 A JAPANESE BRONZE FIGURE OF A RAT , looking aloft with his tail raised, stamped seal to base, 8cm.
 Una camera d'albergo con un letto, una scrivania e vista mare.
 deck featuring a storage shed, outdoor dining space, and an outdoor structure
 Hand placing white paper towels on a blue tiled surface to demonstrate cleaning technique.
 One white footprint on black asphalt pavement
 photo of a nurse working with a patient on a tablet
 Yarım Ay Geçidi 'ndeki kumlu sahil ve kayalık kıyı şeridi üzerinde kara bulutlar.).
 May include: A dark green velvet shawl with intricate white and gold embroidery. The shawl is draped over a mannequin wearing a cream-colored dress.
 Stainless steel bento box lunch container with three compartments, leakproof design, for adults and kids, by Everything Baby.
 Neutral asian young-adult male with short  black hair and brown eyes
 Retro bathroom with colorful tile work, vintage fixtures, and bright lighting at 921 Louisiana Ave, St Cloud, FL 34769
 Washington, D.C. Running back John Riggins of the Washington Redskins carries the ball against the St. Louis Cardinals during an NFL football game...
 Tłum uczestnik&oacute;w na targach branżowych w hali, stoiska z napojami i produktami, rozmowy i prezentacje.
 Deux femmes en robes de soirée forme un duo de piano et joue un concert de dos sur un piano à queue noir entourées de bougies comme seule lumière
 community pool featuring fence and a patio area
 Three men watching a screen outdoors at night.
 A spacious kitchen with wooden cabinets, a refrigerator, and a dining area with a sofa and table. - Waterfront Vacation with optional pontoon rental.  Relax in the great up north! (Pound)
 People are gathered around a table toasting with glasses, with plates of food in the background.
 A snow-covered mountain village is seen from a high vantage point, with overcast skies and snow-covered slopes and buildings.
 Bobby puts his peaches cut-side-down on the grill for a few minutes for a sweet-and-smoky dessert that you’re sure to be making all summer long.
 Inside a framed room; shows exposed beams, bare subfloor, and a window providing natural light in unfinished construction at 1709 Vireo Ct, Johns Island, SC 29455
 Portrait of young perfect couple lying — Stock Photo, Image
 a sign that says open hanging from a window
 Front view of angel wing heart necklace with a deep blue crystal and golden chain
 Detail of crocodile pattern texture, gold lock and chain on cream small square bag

--*--

*Work to complete:*
In the entries above, find the line holding "May include: A" and the line holding "Neutral asian young-adult"; print both of them and every line between, exactly, and nothing else.

*Finished exercise:*
 May include: A dark green velvet shawl with intricate white and gold embroidery. The shawl is draped over a mannequin wearing a cream-colored dress.
 Stainless steel bento box lunch container with three compartments, leakproof design, for adults and kids, by Everything Baby.
 Neutral asian young-adult male with short  black hair and brown eyes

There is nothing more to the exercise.